Harry Stafylakis


Calibrating Friction
for 7 players (2016)
flute, clarinet, violin, viola, cello, piano, and drum set (ensemble amplified)
10 minutes

Performed by the Aspen Contemporary Ensemble, Timothy Weiss conducting (Donald Crockett, additional rehearsal conductor).

Recorded live on August 8, 2016 at Harris Hall, Aspen, Colorado, USA. Recorded by Adam Borecki; editing, mixing, and mastering by Adam Pietrykowski.

Score and parts available for purchase (PDF or hard copy). Send an inquiry through the Contact page.

Program notes

“Free societies...are societies in motion, and with motion comes tension, dissent, friction. Free people strike sparks, and those sparks are the best evidence of freedom's existence.”
— Salman Rushdie

Kinetic friction is the force resisting the relative motion of solid surfaces, fluid layers, and material elements sliding against each other. In liquids, fluid layers move against each other, determining the viscosity of the material. The atoms inside a solid material can experience friction as well; when a solid block of metal gets compressed, all the atoms inside the material move, creating internal friction.

This provides an interesting perspective on human social systems of all shapes and sizes – family units, communities, nations. Necessarily, as individuals interact with each other, various degrees of friction occur as their thoughts, beliefs, worldviews, and emotional states collide. At any given moment, they may agree and move together, or come into conflict, sliding and grinding against each other.
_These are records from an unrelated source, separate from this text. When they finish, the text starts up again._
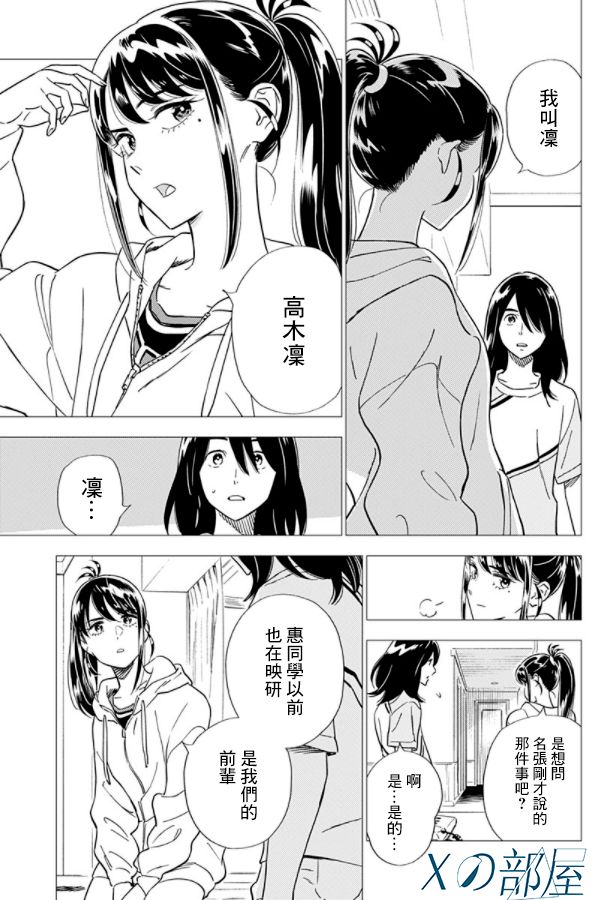 《尸人庄杀人事件》漫画最新章节第16话免费下拉式在线观看章节第【7】张图片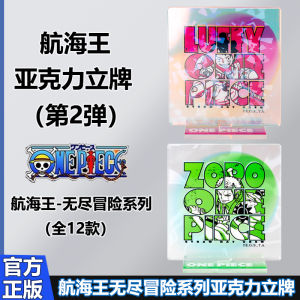 Hộp Quà Tặng Mù One Piece Hình Con Thuyền Và Các Nhân Vật Hoạt Hình Khác Dành Cho Nam Giới Người Lớn Tuổi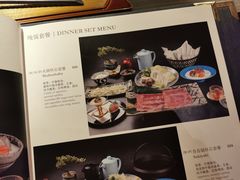 -滩万日本料理Nadaman(国贸大酒店)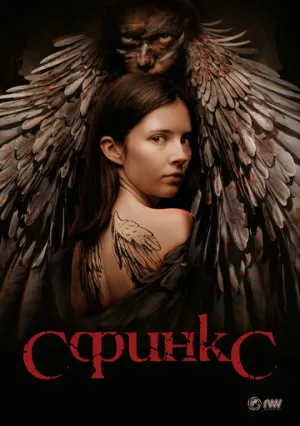 Сфинкс (сериал 2024)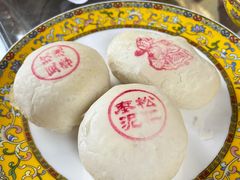-富华斋饽饽铺·宫廷糕点·伴手礼(护国新天地店)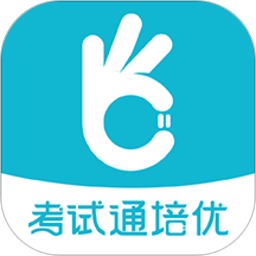 考試通手機版軟件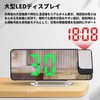 PAVIKE Projection Clock, Digital Projection Clock, Ceiling Projection, 3 Level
Calibrating Friction is a meditation on these complexities of human interaction. The piece takes its cues from musical styles – especially progressive metal – that highlight metrical dissonance (degrees of conflict between perceived rhythmic and metrical layers). The seven members of the ensemble are treated as individual entities whose relative motions continuously shift in and out of phase. As a result, the overall groove and flow of the music fluctuates as internal elements of the ensemble pass between degrees of agreement and conflict.